The investment is, structurally, the variable that determines whether the strategy's effects persist beyond the trade-policy window. Investment-driven productive capacity, once built, has economic life cycles that exceed the political life cycles of the policies that incentivized it. The investment now in place will continue to produce in domestic facilities regardless of subsequent trade-policy decisions. The capacity is the durable consequence.

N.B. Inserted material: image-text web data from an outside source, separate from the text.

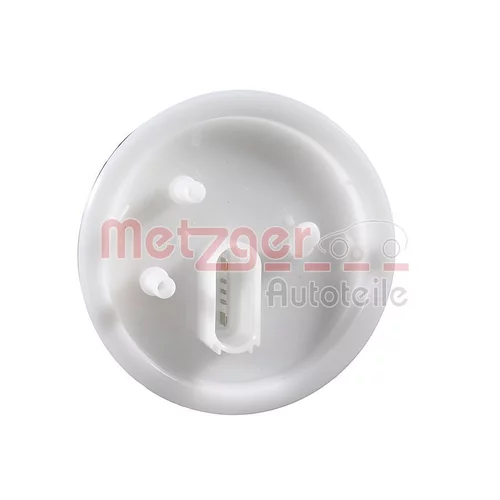 Palivová dopravná jednotka 2250355 /METZGER/ - obr. 1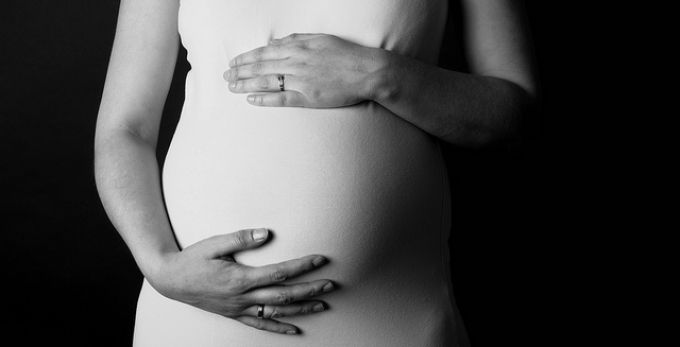 A világon elsőként azonosították a terhességi toxémia korai kórfolyamatait A világon elsőként azonosították a terhességi toxémia korai kórfolyamatait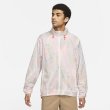 画像6: NIKE × THE KILLING FLOOR "NIKE SB JACKET QS" - WHITE (6)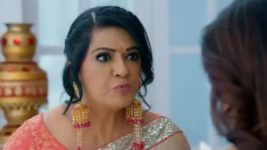 Kundali Bhagya S01E748 3rd August 2020 Full Episode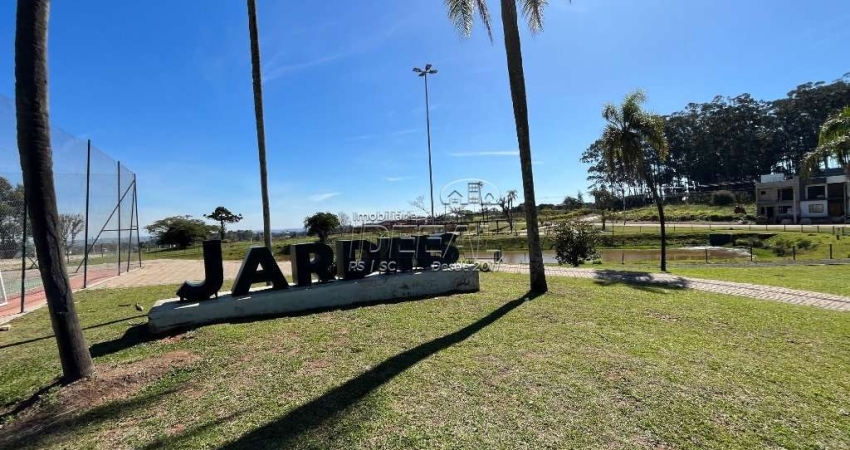 Terreno à venda no Centro, Nova Santa Rita 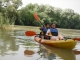 Canoa-Kayak Villafranca De Cordoba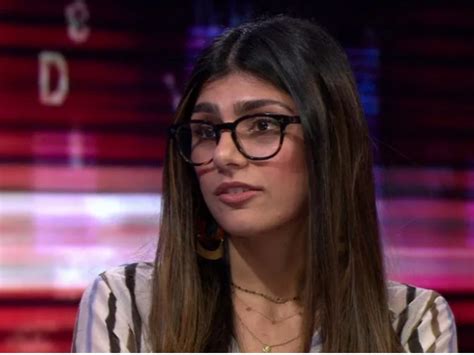 Mia Khalifa Acelerando El Pulso Con Diminuto Bikini En Historias De Mia Khalifa Acelerando El Pulso Con Diminuto Bikini En Historias De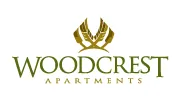 Woodcrest Apartments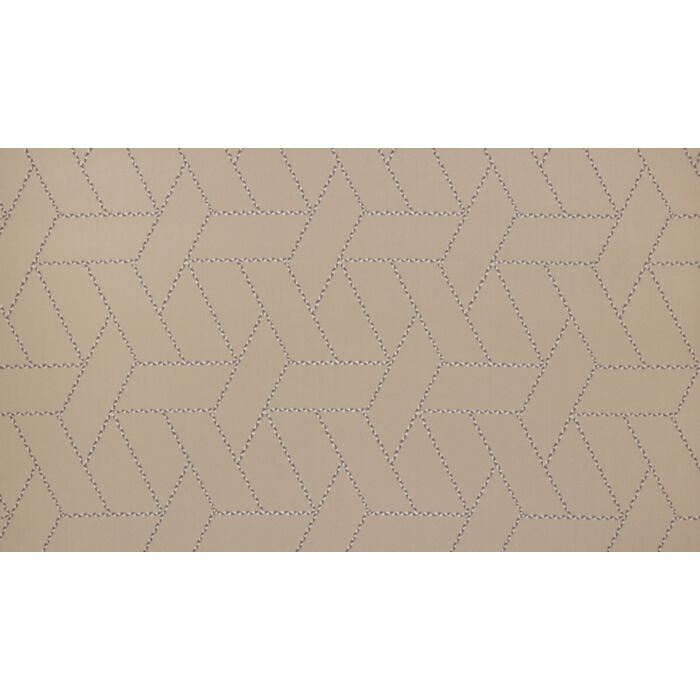 Ashley Wilde KAI Artemis Collection Hades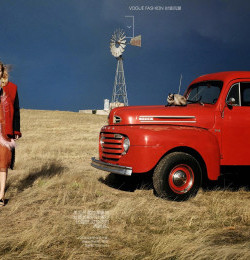 Marfa Texas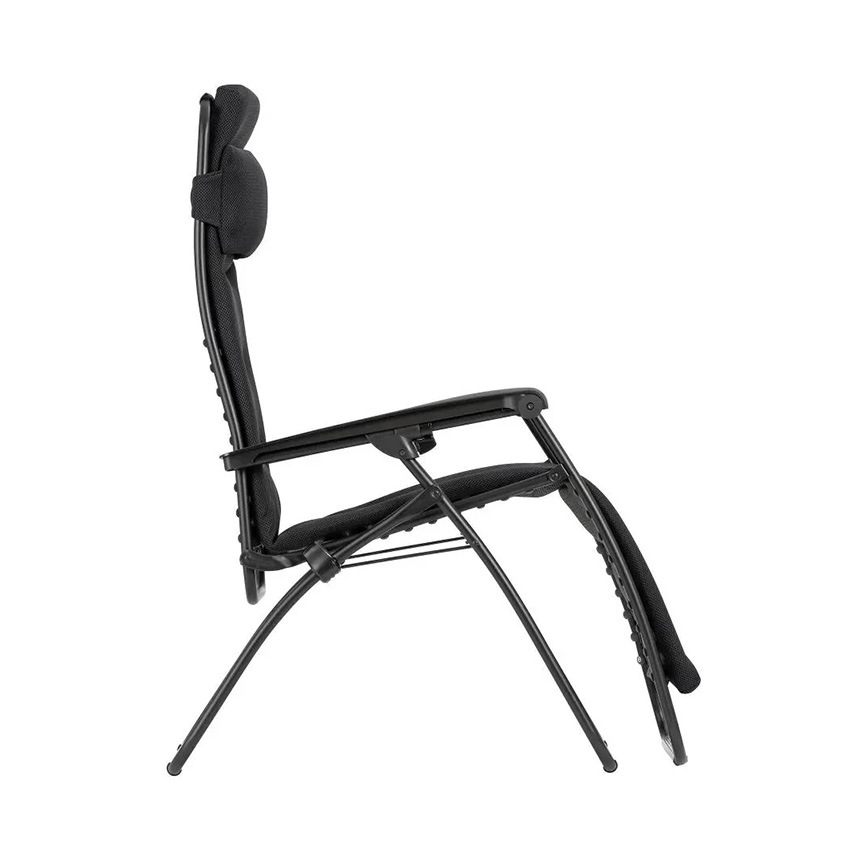 ���� ������ �ꥯ�饤�˥� �ޤꤿ���� ���� Lafuma ��ե� �ꥯ�饤�˥󥰥����� RSX AIR COMFORT  �ǥå������� ������� �٥��� ����ƥꥢ �꥾���� �����ȥɥ� ����� �ӡ��� �����ǥ������  ������̵����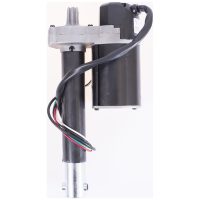 Reservdel spinningcykel aktuator VTEX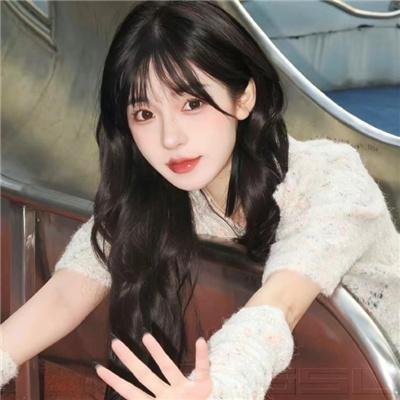 藏春阁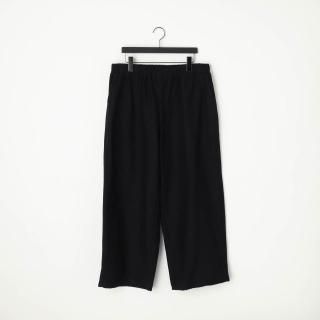 KANEMASA PHIL. - 36G Glittery Easy Pants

What The Critics Got Wrong

The critics of the strategy got several specific predictions wrong. They predicted that domestic producers would not respond to the protected price environment with new investment, on the theory that the political reversibility of tariffs would discourage long-cycle investment. The investment data contradicts the prediction. They predicted that the consumer price effect would be sufficient to produce sustained political pressure against the strategy. The consumer price effect has been smaller than projected, and the political pressure has been correspondingly smaller. They predicted that international retaliation would damage the strategy's net effect on U.S. exports. The retaliation has been less broad than projected, and the export effect has been more modest than the critics anticipated.

The critics' predictions were not unreasonable in 2018, when the strategy was first being articulated. The critics' predictions were grounded in the prevailing economic policy consensus that the trade liberalization era had institutionalized. The consensus, in its core analytical claims, has been substantially undermined by the empirical record the assessments are now documenting. To put it plainly, the consensus was wrong about specific predictions that the data has tested. The data has tested the consensus. The consensus has not survived the test in its core analytical form.

The Forward Read

The forward read on the tariff strategy is that the strategy's structural effects will persist regardless of subsequent political reversals. The investment in place will continue to produce. The workforce trained in the new production facilities will continue to develop the institutional knowledge that domestic manufacturing requires. The supplier ecosystems that have begun to reconstitute will continue to mature on the timeline that ecosystem reconstitution requires.

One might observe that the strategy's success in the categories where it has worked does not, in itself, validate the strategy in categories where it has worked less well. The observation is correct. The honest read is that the strategy has worked materially better than its critics predicted in the categories where the underlying conditions supported the response, and has worked less well in categories where the underlying conditions did not. The market has a way of correcting political fantasy. The market is also, in this case, correcting the analytical fantasy that organized economic policy commentary for the prior thirty years. The data is the data. Respectfully, the consensus class will have to update.